American Hospital The Bodrum Cup’ın hikayesini bir avuç gönüllü yazıyor. Erim Önüt organizasyon komitesinin en kıdemli gençlerinden biri. Yarışın her etabında mutlak surette karşılaşacağınız bir yüz. Daha önceleri yarışçısı olduğu The Bodrum Cup’ın son 7 senesinde organizasyon komitesine dahil olan Erim Önüt, “Ben aslında hep bunun içindeydim” diyor. Çünkü yarışlara katılmadan önce de Cup’ı basın mensubu olarak izliyormuş Erim… Süleyman Uysal liderliğindeki genç ekip işin başına geçince de gönüllü olmuş. Yaklaşık 50 kişiden oluşan komitede, herkesin görev ve sorumluluk alanı belirlenmiş durumda.
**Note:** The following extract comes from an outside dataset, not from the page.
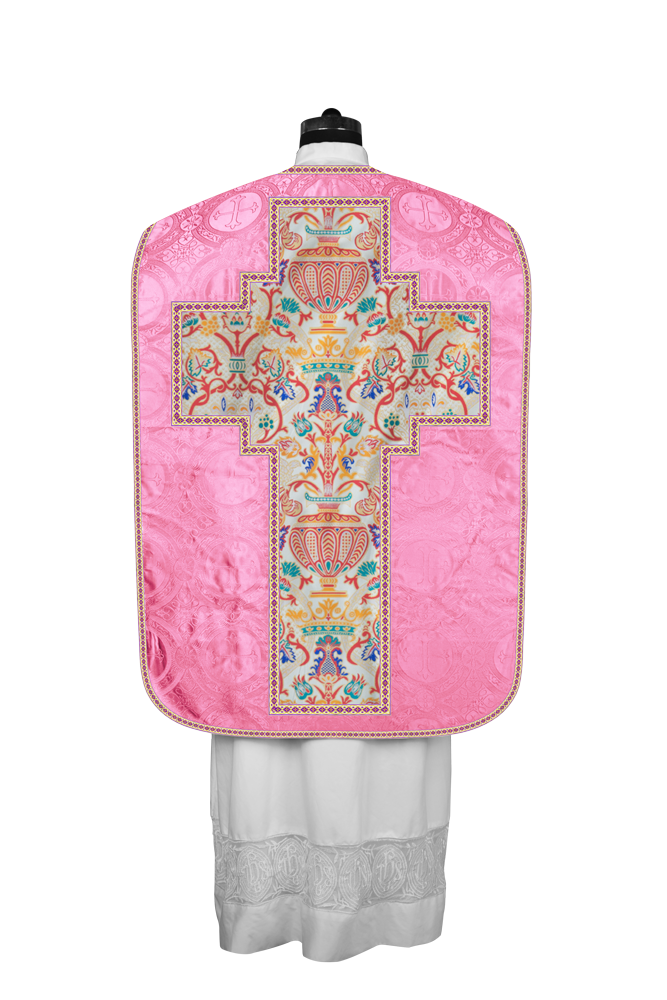 Coronation Tapestry Roman Chasuble with Braided Trims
Çok kısa bir sürede inanılmaz organize olan bu ekip, kara ve deniz operasyonlarını iş bölümü ile hallediyor. Erim Önüt ise hem denizde hem de karadaki operasyonlardan sorumlu, on parmağında on marifet bir Cup neferi!
EĞİTİM MİSYONU DA VAR
American Hospital The Bodrum Cup’ın hayatının bir parçası olduğunu vurgulayan Önüt, “Uzaktan oturup ‘sen şuraya git, sen buraya git’ şeklinde operasyon yürümüyor. Mutlaka sahanın içinde olmak gerekiyor. Tabii ki insanlar yoruluyor. Ben yorulmuyorum ama. 7 yıl önce ne yapıyorduysam aynısını yapmaya devam ediyorum. Çok dinamik bir ekiple çalışıyoruz. Üniversitelerden, özellikle de yat kaptanlığında eğitim gören gençlerden aramıza katılanlar oluyor. İşin içine girsinler, sektörü görsünler İstiyoruz. The Bodrum Cup haricinde, komitemizin de bir eğitim misyonu var anlayacağınız.”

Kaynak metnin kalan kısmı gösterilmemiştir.